Concerns raised with ATO action in relation to retirement village arrangements

A6.16 The Inspector-General has not requested detailed information from the ATO specifically in respect to ATO actions and settlements for retirement village arrangements.

A6.17 However, a number of investors and representatives acting for investors in the retirement village arrangements have raised with the Inspector-General the following concerns.

  • The Offer of Closure was sent to all investors in various projects regardless of the individual circumstances of a particular retirement investment. Some projects had been completed and were operational whereas other arrangements appeared to be aggressive tax planning arrangements. The blanket approach by ATO in dealing with participants regardless of their circumstances was raised as a concern by a number of participants.
  • The time taken between the Commissioner announcing his initial and general view on Taxation Ruling TR 94/24, on 19 April 2000, and when the final Offer of Closure was sent to investors in October 2003. According to the offer of closure, the interest charge was imposed in full rate from 20 April 2001 to the date of acceptance of the Offer of Closure.
  • Participants relied upon Taxation Ruling TR 94/24 to claim deductions associated with their investment. In these circumstances, and given the change and clarification by the ATO of their view in respect to taxation consequences arising from investment, the imposition of GIC at full rates from 20 April 2001 to the date of payment is not fair and equitable.
  • The ATO have refused to countenance that taxpayers' exercised reasonable care or adopted a reasonably arguable position in relying on a public ruling.
  • In the Offer of Closure the ATO did not provide taxpayers with an opportunity to provide additional information pertaining to their individual circumstances, such as legal and accounting advice, so as to demonstrate that they had in fact taken reasonable care.
  • The fact that the ATO only provided investors 45 days (extended to 66 days) to understand the Offer of Closure, consider its implications in respect of their position and communicate their acceptance of the offer.
  • Participants do not understand why the date of 19 April 2001 was selected by the ATO as the date up to which the interest charge would be remitted.
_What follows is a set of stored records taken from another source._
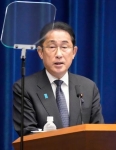 首相、最低賃金千円に意欲　「審議会でしっかり議論を」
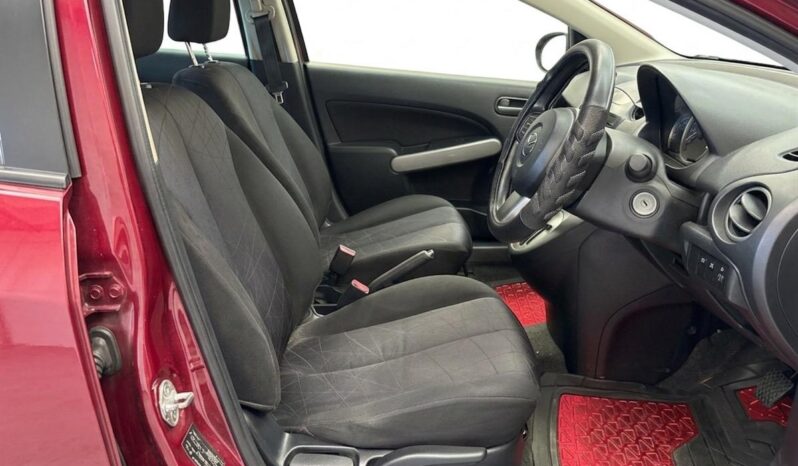 
								Mazda DEMIO  2011 full									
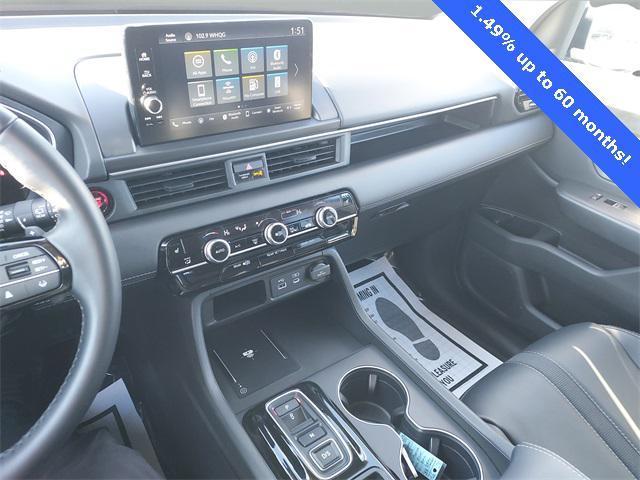 used 2025 Honda Pilot car, priced at $41,989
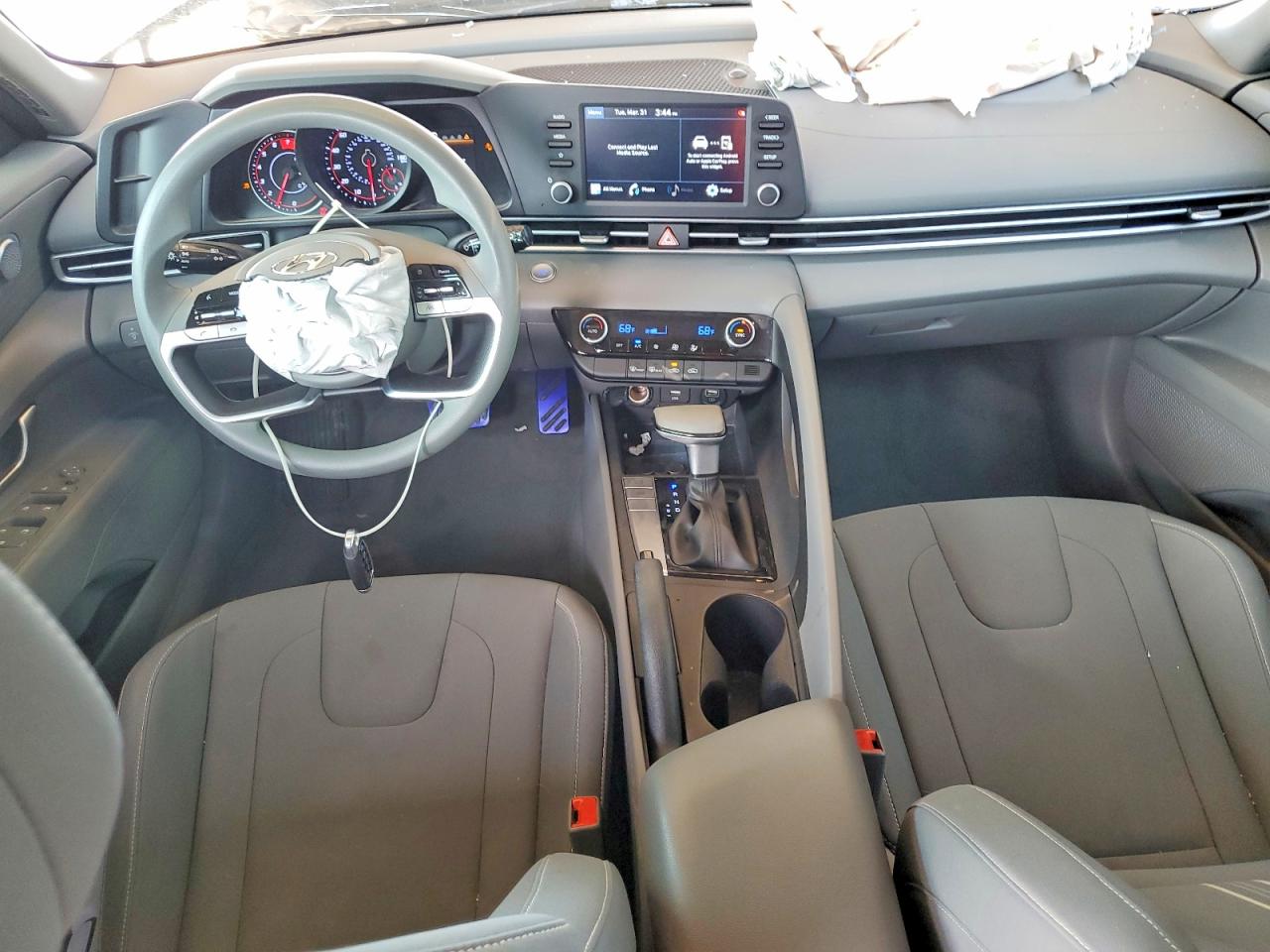 Hyundai ELANTRA Sel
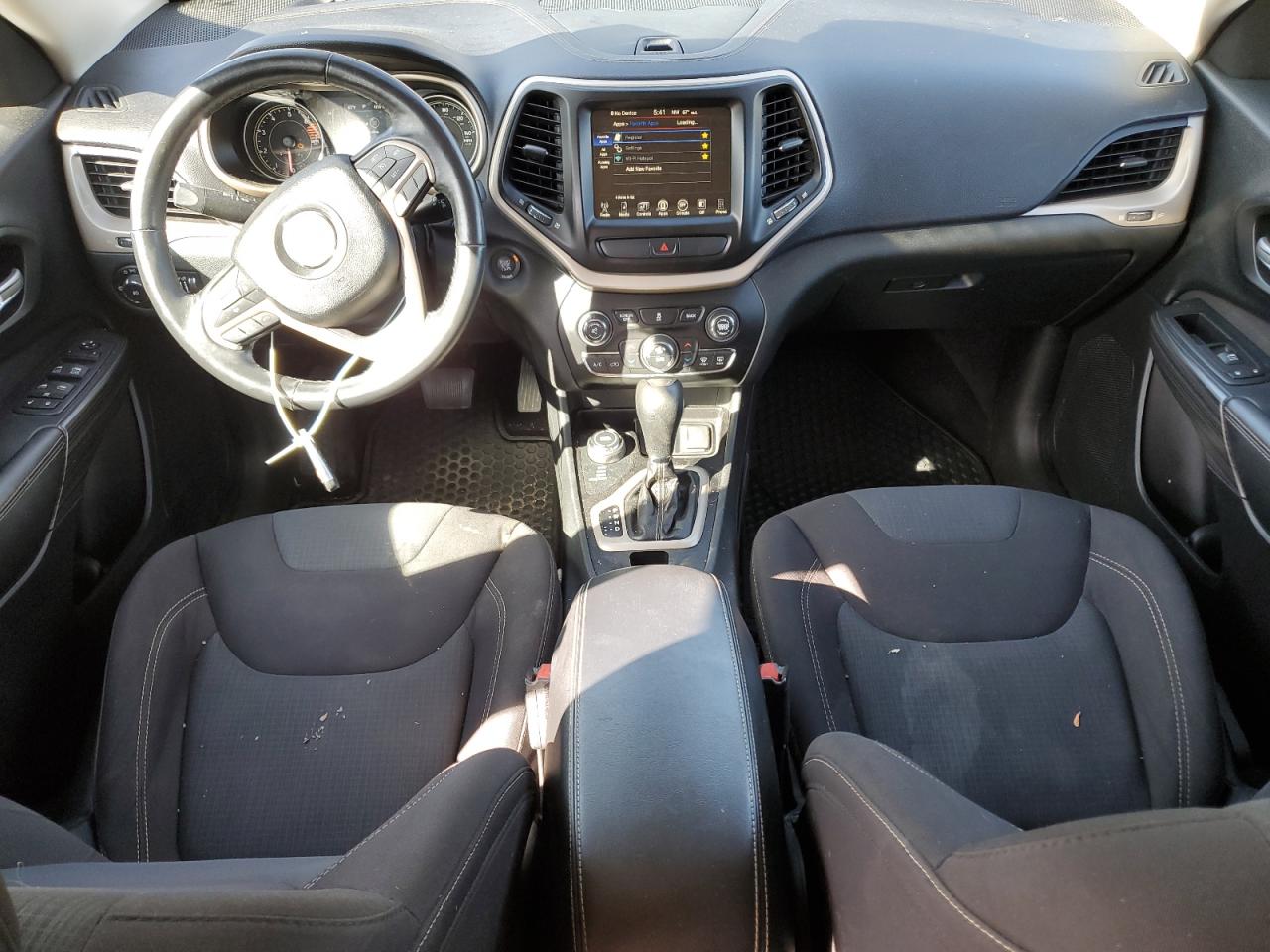 2016 Jeep Cherokee Latitude VIN: 1C4PJMCB9GW117969 Lot: 85132055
This date appears to have been chosen because it is one year after Taxation Ruling TR 94/24 was withdrawn.
  • The ATO has taken an inconsistent approach between the Offer of Closure made to participants in retirement villages as compared to the offer made in relation to MMTEIs. These submissions state that in many cases retirement village investments were marketed to unsophisticated investors in the same way as in MMTEIs. They assert that there is a need to look at the circumstances of each individual participant and the characteristics of each arrangement and how it was marketed and implemented in determining the remission of penalties and interest charge.
  • Differential tax treatment was not applied according to whether the retirement villages were partly constructed or not and whether the participants invested as a going concern.

ATO response to concerns raised by Inspector-General in relation to retirement village arrangements

A6.18 The ATO considers that the representations received from external stakeholders do not accurately reflect the extent to which the ATO undertook to consult with relevant stakeholders representing the investors. For example, the ATO indicates that it undertook negotiations with an accounting firm that represented twenty-four of twenty-eight retirement village syndicates and many investors. These discussions included the impact of the GIC and the submissions received from stakeholders that had been considered at very high levels in the ATO.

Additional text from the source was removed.